Your COVID-19 vaccine questions, answered features a helpful Q&A on vaccines with Vox science reporter Umair Irfan. The 34-minute episode dives into the most popular questions from podcast listeners, including the odds of getting COVID-19 between doses, the long-term effects of COVID-19 vaccines, if it’s possible to spread COVID-19 after being vaccinated, and if booster shots will be needed in the future. This is a great resource to share with people in your life who have similar questions!
What happens when it’s time to distribute new vaccines that have been developed? In 19 minutes, What if developing a vaccine is the easy part explains the challenges with distributing COVID-19 vaccines once they were approved by the FDA.
What happens in your body after you get a vaccine? The arrival of the COVID-19 vaccines feels like the first positive mile marker in the pandemic but people have a lot of questions – How were they developed? How do they work? Is there anything we should worry about? Tune into the hour-long episode Vaccines: How Do They Work? with Dr. Peter Hotez to learn more.
Summary: “Infectious disease expert Paul Offit takes a look behind the curtain of the anti-vaccine movement. He finds a reminder of the power of scientific knowledge, and the harm we risk if we ignore it.”

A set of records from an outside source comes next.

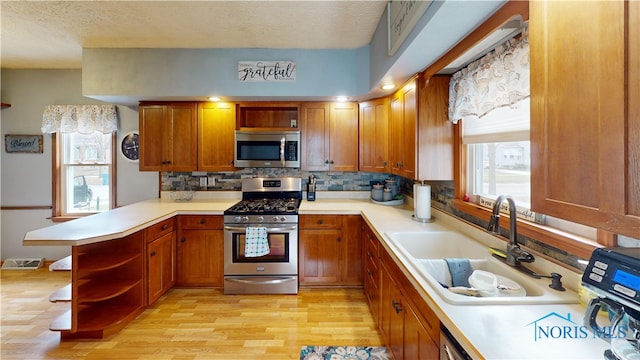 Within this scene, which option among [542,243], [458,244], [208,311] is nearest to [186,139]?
[208,311]

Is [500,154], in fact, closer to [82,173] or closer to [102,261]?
[102,261]

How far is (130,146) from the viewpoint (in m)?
3.74

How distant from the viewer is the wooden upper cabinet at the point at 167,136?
10.9 feet

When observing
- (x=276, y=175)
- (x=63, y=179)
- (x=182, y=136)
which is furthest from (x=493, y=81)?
(x=63, y=179)

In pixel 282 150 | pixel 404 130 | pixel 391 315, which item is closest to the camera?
pixel 391 315

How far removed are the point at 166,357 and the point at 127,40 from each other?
9.45ft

This book dives into the story of Maurice Hilleman, who is considered the “father of modern vaccines.” He developed more than 40 vaccines, including ones that eradicated common childhood diseases. Paul A. Offit, a vaccine researcher himself, befriended Maurice and interviewed him extensively about his life and career during the last few months of his life.
There have been many rumors about vaccines floating around for decades. This book examines how the issues surrounding vaccine hesitancy are, more than anything, about people feeling left out of the conversation. It goes on to discuss different types of vaccine hesitancy and the social factors that keep them around.

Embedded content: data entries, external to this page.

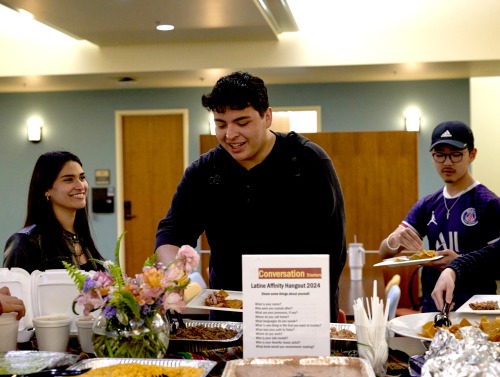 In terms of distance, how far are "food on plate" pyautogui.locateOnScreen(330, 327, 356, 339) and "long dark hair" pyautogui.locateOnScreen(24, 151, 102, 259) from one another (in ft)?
4.34

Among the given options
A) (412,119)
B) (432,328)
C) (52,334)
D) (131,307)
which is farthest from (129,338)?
(412,119)

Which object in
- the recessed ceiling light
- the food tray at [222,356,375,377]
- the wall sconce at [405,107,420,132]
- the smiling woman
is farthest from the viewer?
the wall sconce at [405,107,420,132]

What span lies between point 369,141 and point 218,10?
189cm

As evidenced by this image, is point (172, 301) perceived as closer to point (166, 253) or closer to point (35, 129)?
point (166, 253)

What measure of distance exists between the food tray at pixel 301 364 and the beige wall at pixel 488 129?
8.42 metres

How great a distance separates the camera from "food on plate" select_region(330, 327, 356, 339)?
80.6 inches

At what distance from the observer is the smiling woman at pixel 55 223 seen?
2.83 metres

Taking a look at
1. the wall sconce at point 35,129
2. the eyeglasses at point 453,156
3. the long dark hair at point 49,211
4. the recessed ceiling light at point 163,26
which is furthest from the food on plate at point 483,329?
the wall sconce at point 35,129

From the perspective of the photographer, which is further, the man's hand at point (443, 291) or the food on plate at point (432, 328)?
the man's hand at point (443, 291)

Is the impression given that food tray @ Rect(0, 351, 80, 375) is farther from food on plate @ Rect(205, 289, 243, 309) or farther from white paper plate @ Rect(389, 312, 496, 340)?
white paper plate @ Rect(389, 312, 496, 340)

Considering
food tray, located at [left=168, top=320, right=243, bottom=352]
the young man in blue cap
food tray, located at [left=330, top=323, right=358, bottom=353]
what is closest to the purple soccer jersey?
the young man in blue cap

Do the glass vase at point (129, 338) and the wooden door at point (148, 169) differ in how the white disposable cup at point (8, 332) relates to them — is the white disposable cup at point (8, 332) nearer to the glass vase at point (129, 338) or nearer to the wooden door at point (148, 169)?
the glass vase at point (129, 338)

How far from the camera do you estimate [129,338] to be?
72.4 inches

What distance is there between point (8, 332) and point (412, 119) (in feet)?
→ 25.8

Do vaccines cause autism, asthma, or diabetes? Get straight, science-based answers to questions about the safety of vaccines. This is a great read for anyone who has concerns about vaccines.
In this book, Paul A. Offit and Charlotte A. Moser answer questions about the science and safety of modern vaccines. They talk about how vaccines work, how they are made, and how they are tested. It also separates the real risks of vaccines from those that have no basis.
It is no secret that the COVID-19 pandemic has disproportionately affected poorer communities. Dr. Peter Hotez, dean of the National School of Tropical Medicine at Baylor College of Medicine, provides an essential look at the global issue of health and poverty through the lens of COVID-19. He introduces the idea of “blue marble health,” which asserts that poor people living in wealthy countries account for most of the world’s poverty-related illness. This is a great, timely read for anyone interested in the impacts of COVID-19 on global health.
How will the world use science and cooperation to prevent another pandemic after COVID-19? Dr. Peter Hotez argues that we can—and must—rely on vaccine diplomacy to address this new world order in disease and global health. He reinforces the need for public communication around the urgent need to embracing science during troubled times.
Want to learn more about the 1918 flu pandemic? This book provides extensive information about one of the worst pandemics in history. Barry places the pandemic against the background of American history (WWI) and within the context of the history of medicine.
The 2-hour romance/drama film tells the story of British polio survivor Robin Cavendish, played by Andrew Garfield, who contracted the disease in Kenya in 1958. It is available on Hulu and Amazon Prime.
Middle Ground consists of conversations where people are usually extremely divided. Watch the 14-minute Pro-Vaccine vs Anti-Vaccine: Should Your Kids Get Vaccinated? discussion between groups of people who are pro- and anti-vaccine.